-- Problem requirements --
Repeat, word for word, all the data that follows, and exclude the pictures.

Crawled caption data:
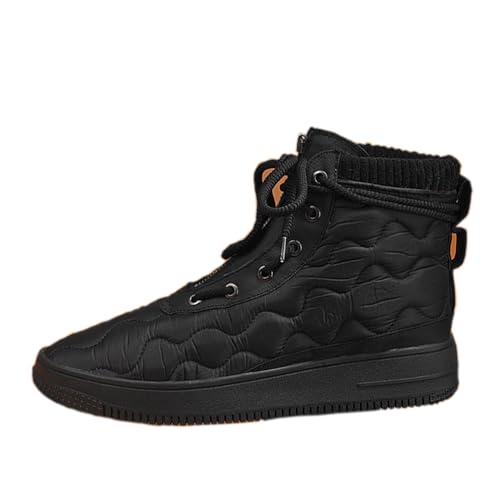 Image of Men's High Top Chunky Work Trainers Non-Slip Casual Shoes with Zipper & Lace-Up for Street Style Black UK Size 7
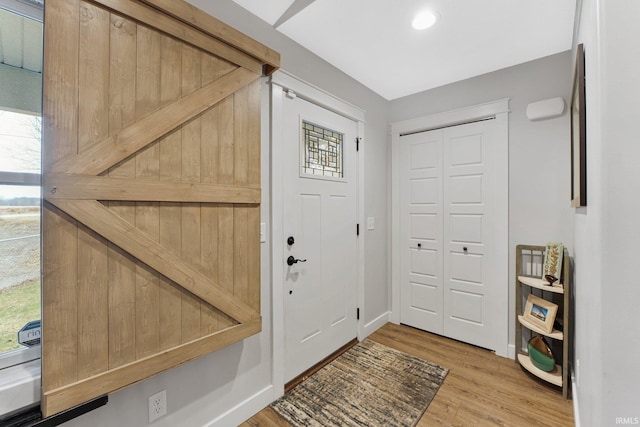 entrance foyer featuring light hardwood / wood-style flooring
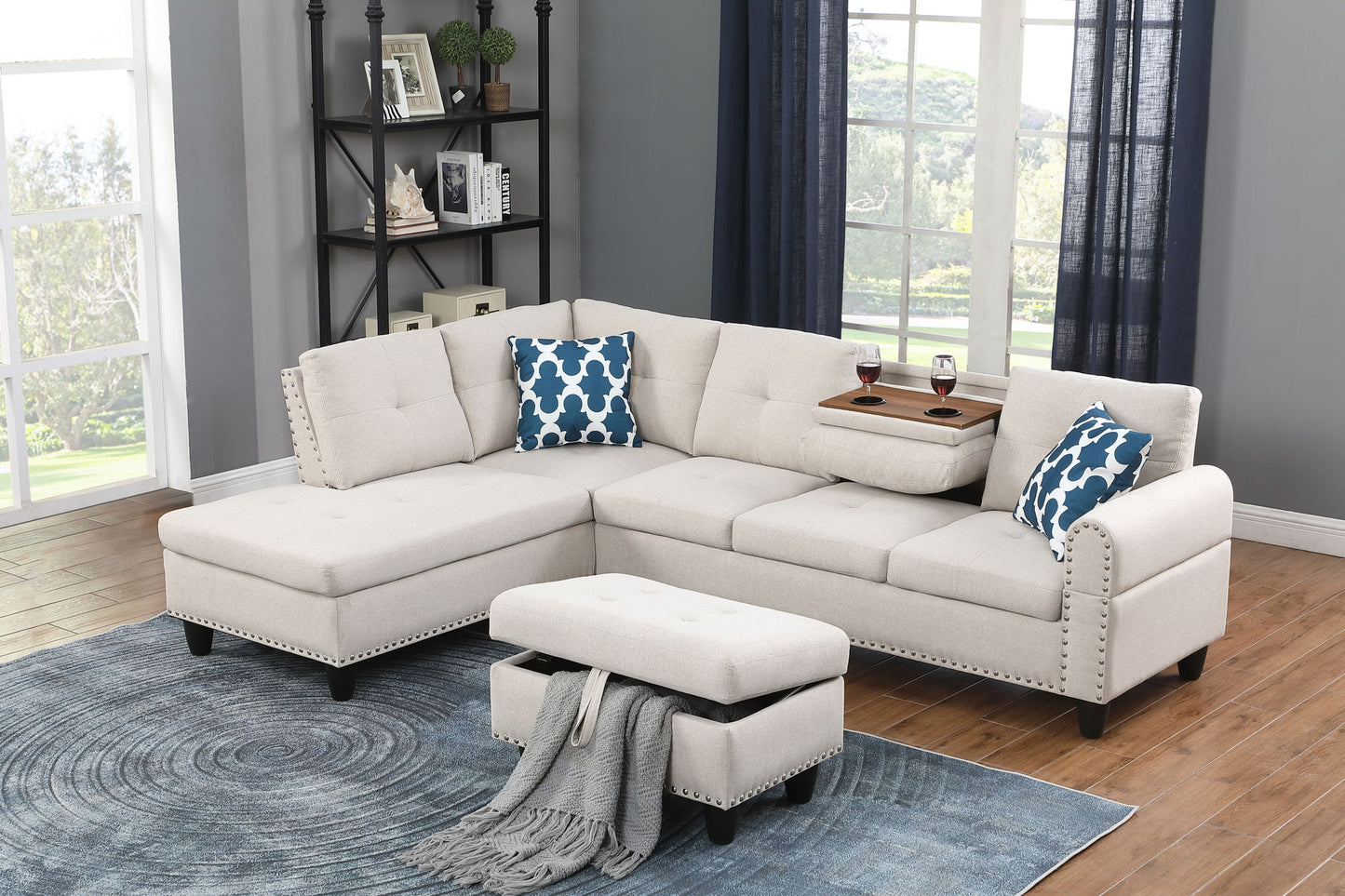 Alger - Wide Left Hand Facing Sofa & Chaise With Ottoman - Beige Urban Retreats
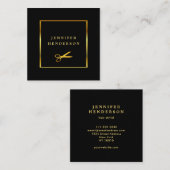 Moderne berufliche Haarstylistin aus Schwarz und G Quadratische Visitenkarte (Vorne/Hinten)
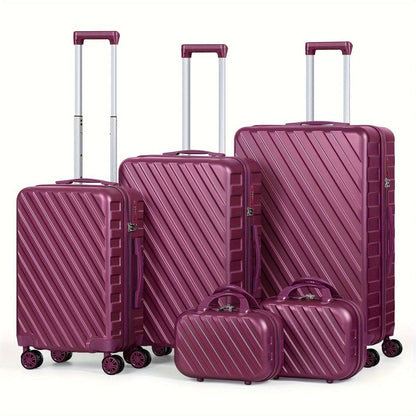 Purple 5-Piece Hardside Luggage Set With Spinner Wheels And TSA Locks, Lightweight Bag With Handle 120 Luggage OK•PhotoFineArt OK•PhotoFineArt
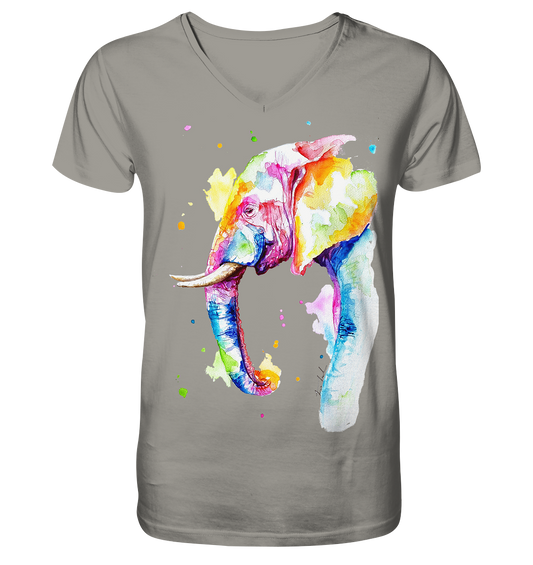 Bunter Elefant - V-Neck Shirt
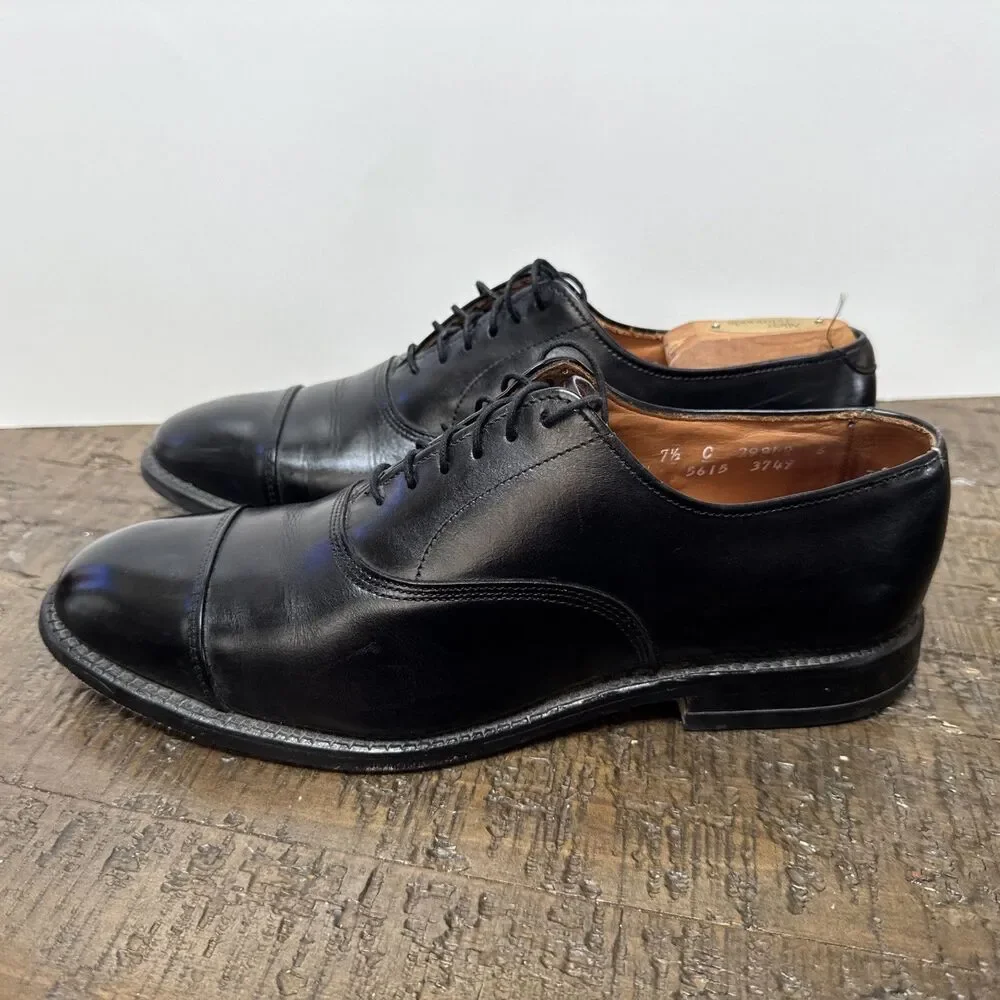 Allen Edmonds Park Avenue Leather Cap Toe Dress Shoes Size 7.5 C Black Made USA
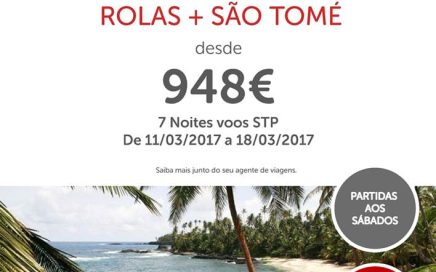 Combinados de 7 noites em São Tomé e ilha das Rolas em promoção para Março desde 948€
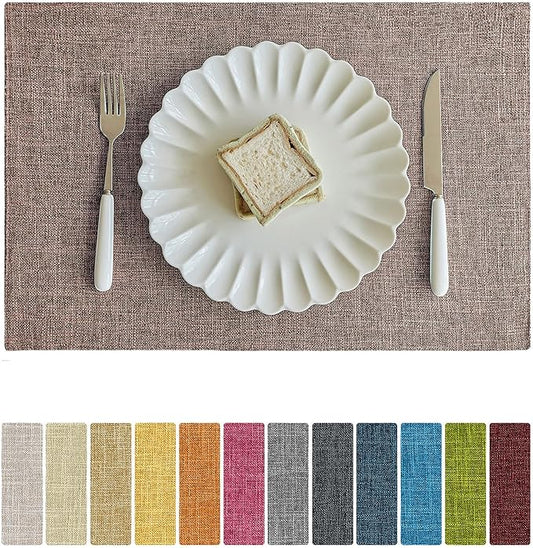 Softalker Faux Linen Placemats Set of 4-12 x 18 Inch, Heat Resistant Double Layered Durable Burlap Farmhouse Place Mats, Non-Slip Washable Rustic Table Mats for Dining, Kitchen, Party,Natural Linen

-- Response to the exercise --
 Image of Men's High Top Chunky Work Trainers Non-Slip Casual Shoes with Zipper & Lace-Up for Street Style Black UK Size 7
 entrance foyer featuring light hardwood / wood-style flooring
 Alger - Wide Left Hand Facing Sofa & Chaise With Ottoman - Beige Urban Retreats
 Moderne berufliche Haarstylistin aus Schwarz und G Quadratische Visitenkarte (Vorne/Hinten)
 Purple 5-Piece Hardside Luggage Set With Spinner Wheels And TSA Locks, Lightweight Bag With Handle 120 Luggage OK•PhotoFineArt OK•PhotoFineArt
 Bunter Elefant - V-Neck Shirt
 Allen Edmonds Park Avenue Leather Cap Toe Dress Shoes Size 7.5 C Black Made USA
 Combinados de 7 noites em São Tomé e ilha das Rolas em promoção para Março desde 948€
 Softalker Faux Linen Placemats Set of 4-12 x 18 Inch, Heat Resistant Double Layered Durable Burlap Farmhouse Place Mats, Non-Slip Washable Rustic Table Mats for Dining, Kitchen, Party,Natural Linen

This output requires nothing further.